Lun, 30/06/2014 - 09:48
Katia Scarfò, ex fidanzata d Gianluca Congiusta, risponderà davanti a giudici di Reggio di falsa testimonianza

«Se la tua natura è amare, va’ tra i morti e amali» gridava Creonte ad Antigone. Ma a Siderno non c’è amore oltre la morte di Gianluca Congiusta e non c’è giustizia nelle aule di tribunale.
Tommaso Costa è nuovamente il presunto omicida dell’imprenditore sidernese, dopo che la Cassazione l’ha rimandato ad una nuova sezione della Corte d’Appello reggina, dove si eleva altissima un’intercettazione, sottaciuta, ma che meritava più attenzione.
Francesco Muià - (classe 1940) indagato nel processo penale “Recupero- Bene Comune”  sarà chiamato a rispondere sul contenuto di un’intercettazione ambientale in cui attribuirebbe il delitto non a Tommaso Costa ma a Salvatore Salerno.

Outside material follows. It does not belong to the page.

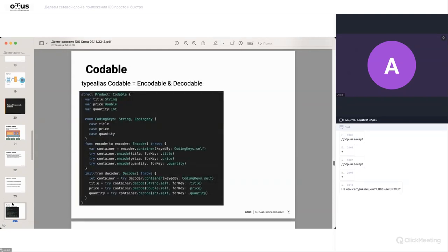Давайте перейдём в Xcode для практических действий. Вижу вопрос в чате от Алекса: на чём мы сегодня пишем — UIKit или SwiftUI? Мы будем писать базовые сетевые клиенты, используем стандартный синтаксис, но подключать будем к приложению SwiftUI. Данный код можно использовать и с UIKit — при необходимости его можно адаптировать. Так как у нас будет структура приложения SwiftUI со специальной view-моделью для работы, это не критично.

L’intercettazione è la stessa che il pm De Bernardo ha depositato al fascicolo d’udienza del 14/12/2010, a chiusura del dibattimento di primo grado per l’omicidio Congiusta davanti alla Corte d’Assise di Locri. Il settantaquattrenne Muià, commentando i giornali del 13 Marzo del 2009 sembra esclamare al proprio interlocutore, tale Antonio, riferendosi al delitto di Gianluca Congiusta: «Salerno l’ha ammazzato», probabilmente (secondo la Gazzetta del Sud) riferendosi al Salvatore Salerno, detto Sasà, ucciso il 22 Ottobre 2006, ritenuto dai magistrati della Dda reggina al vertice di una cosca scissionista dalla casa madre dei Commisso. Più avanti nell’intercettazione, Muià sembra dire: «Mo’ glielo portano al Costa…ma non lo mpizzau lui».
E se questa intercettazione fosse vera e seria? E se la ‘ndrangheta è arrivata prima e dove lo Stato non è arrivato? E se è vero che il comune di Siderno era mafia e in quanto tale sapeva, perché si sarebbe dovuto costituire parte civile contro chi non riteneva colpevole?
Non c’è pace, non c’è giustizia e non c’è verità, forse neinte oltre la morte.
E non c’è amore, tranne quello di genitori e di Dio
Katia Scarfò, ex fidanzata di Gianluca Congiusta, sarà protagonista in negativo davanti al giudice del tribunale di Reggio Calabria, insieme ai suoi genitori per rispondere di falsa testimonianza resa nell’ambito del dibattimento a Locri.
Eppure Katia e Gianluca erano bellissimi.
«C’è un canone estetico, prima che morale» sosteneva Sigmund Freud, il più grande detective di tutti i tempi.
C’è. Per non dimenticare che la bruttezza è il reato massimo.